Его обычное бесстрастное выражение дало трещину. Он удивленно прищурился. В аудитории повисла почти осязаемая тишина. Я вглядывалась в его лицо, в каждую его деталь. До тех пор, пока не угодила в капкан его глаз. Они так искрились, что у меня перехватило дыхание. В этот момент я вспомнила, как наши губы слились в поцелуи. И моё сердце, бьющееся на один удар быстрей, уже стучало совсем по другой причине, не связанной с диагнозом.

— Привет, — наконец ответил он, — проходи, у нас сегодня назначено?

— Эхо-кардиография. — Я опустилась на кушетку.

Он оглядел меня, но ничего не сказал. Вместо этого, уставился на экран, сверяясь с записями ежедневника. Набрал номер моей палаты в компьютерную программу, и на мониторе высветилось имя — Полина. М. Эхо-кардиография, 10:00.

— Что, не верите?

— Хм, скорее убеждаюсь, — он привалился к спинке стула.

— В чем? В том, что мне стало хуже, так это и так ясно. Если б не моё состояние, ноги б моей здесь не было.

Он повесил на шею фонендоскоп и сел на кушетку рядом со мной.

— Давай, послушаем.

— Ещё чего? — я вцепилась в свою футболку, покраснев.

Он проследил за моим порывом и сжал челюсти так, словно я его оскорбила.

— Что-то не так?!

— А?! Нет, ничего, — промешкалась я, но футболку стащила.
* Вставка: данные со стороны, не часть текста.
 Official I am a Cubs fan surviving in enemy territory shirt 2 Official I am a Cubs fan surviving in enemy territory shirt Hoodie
Я не понимала этого раньше. Я планировала к этому не возвращаться, считая, что я к этому не склонна. Но, находясь снова с ним, я как очнулась от забвения и была уже безнадежно зависима от него. И как так получилось, что, несмотря на все контраргументы, представленные моим разумом, я перестала лицезреть в нем бесполое существо в балахоне со значком врача, и смотрю на него, исключительно, как на мужчину.
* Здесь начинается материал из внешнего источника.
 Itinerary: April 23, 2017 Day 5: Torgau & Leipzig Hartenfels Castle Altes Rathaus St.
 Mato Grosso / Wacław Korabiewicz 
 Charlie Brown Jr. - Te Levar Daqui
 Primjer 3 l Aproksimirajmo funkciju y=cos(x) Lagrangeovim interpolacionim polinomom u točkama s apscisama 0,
И поэтому, пока холодный медицинский предмет, управляемый его пальцами, касается моего тела, я пытаюсь представить, каково это быть той, кто чувствует эти руки на своем теле, постегает их тепло и прибывает в их объятиях. Я становлюсь странной…
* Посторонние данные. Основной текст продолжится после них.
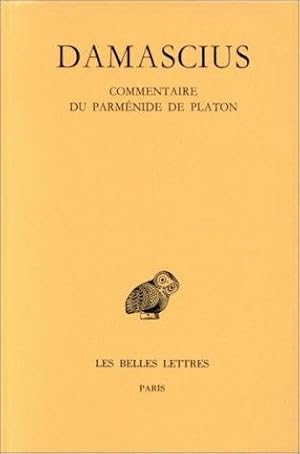 Commentaire du Parménide de Platon - tome II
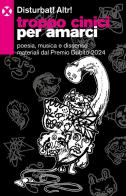 Troppo cinici per amarci. Poesia, musica e dissenso materiali dal Premio Dubito 2024 di Disturbat! Altr! edito da Agenzia X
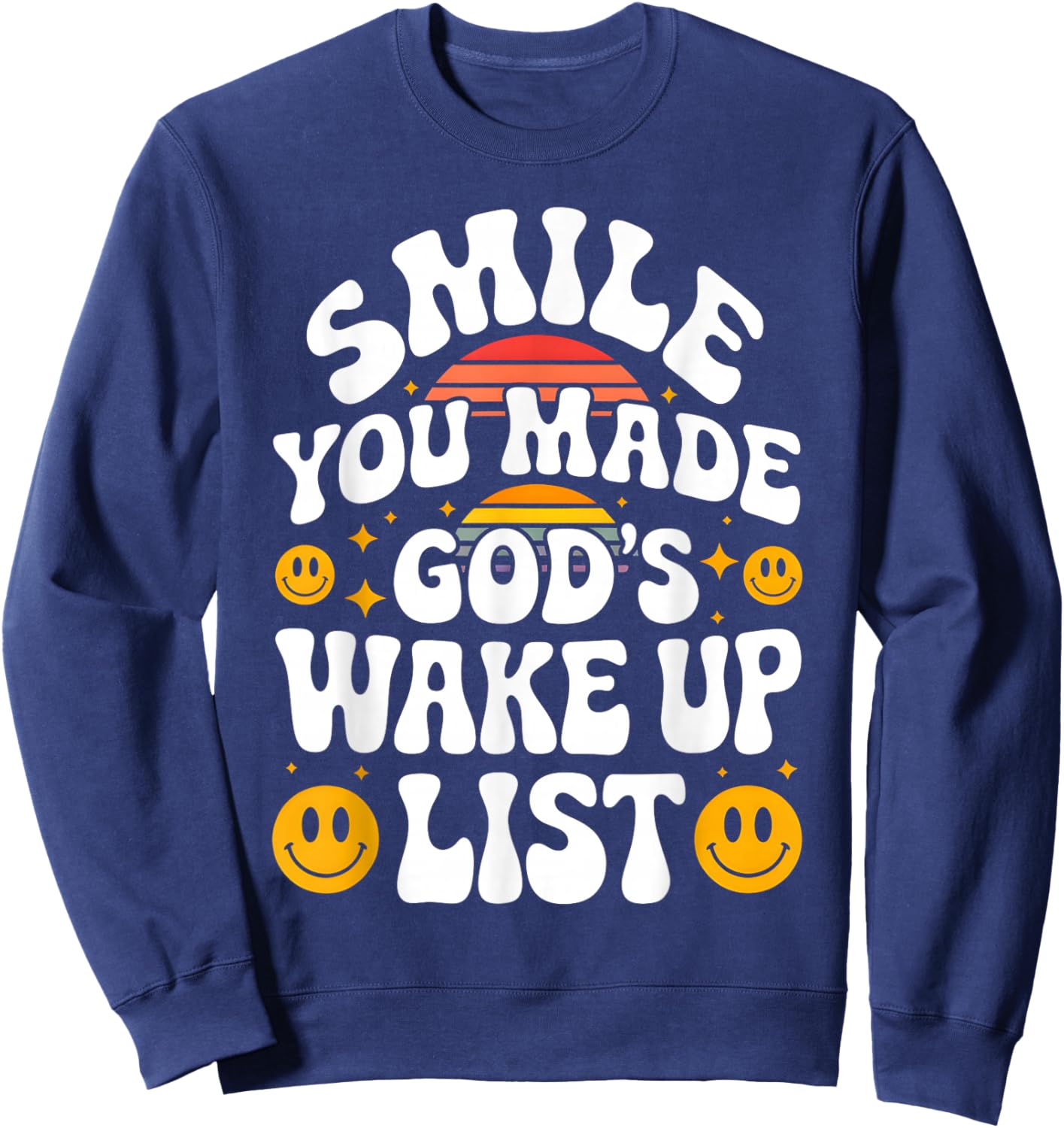 Smile You Made God's Wake Up List Christian Jesus Faith Sweatshirt - Sweatshirt | Navy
Каково это, видеть себя в глазах другого и знать, что ты не отражение, а ты — его всё? Хотела бы я это познать до того, как приближусь к смерти.

Я всегда находилась в уверенности, что любви не бывает, как таковой, это всё ограниченность выбора, отсюда все эти рабочие романы и стремительно заканчивающиеся интрижки. Но. Что же это тогда? Если, даже после того, как я попробовала на вкус страх, свою долю боли, пустые слёзы бесполезного одиночества, и старалась избавиться от своего наваждения, я не смогла. Сердце само выбрало своего любимого. И я понимаю, что дальше будет лишь сложнее.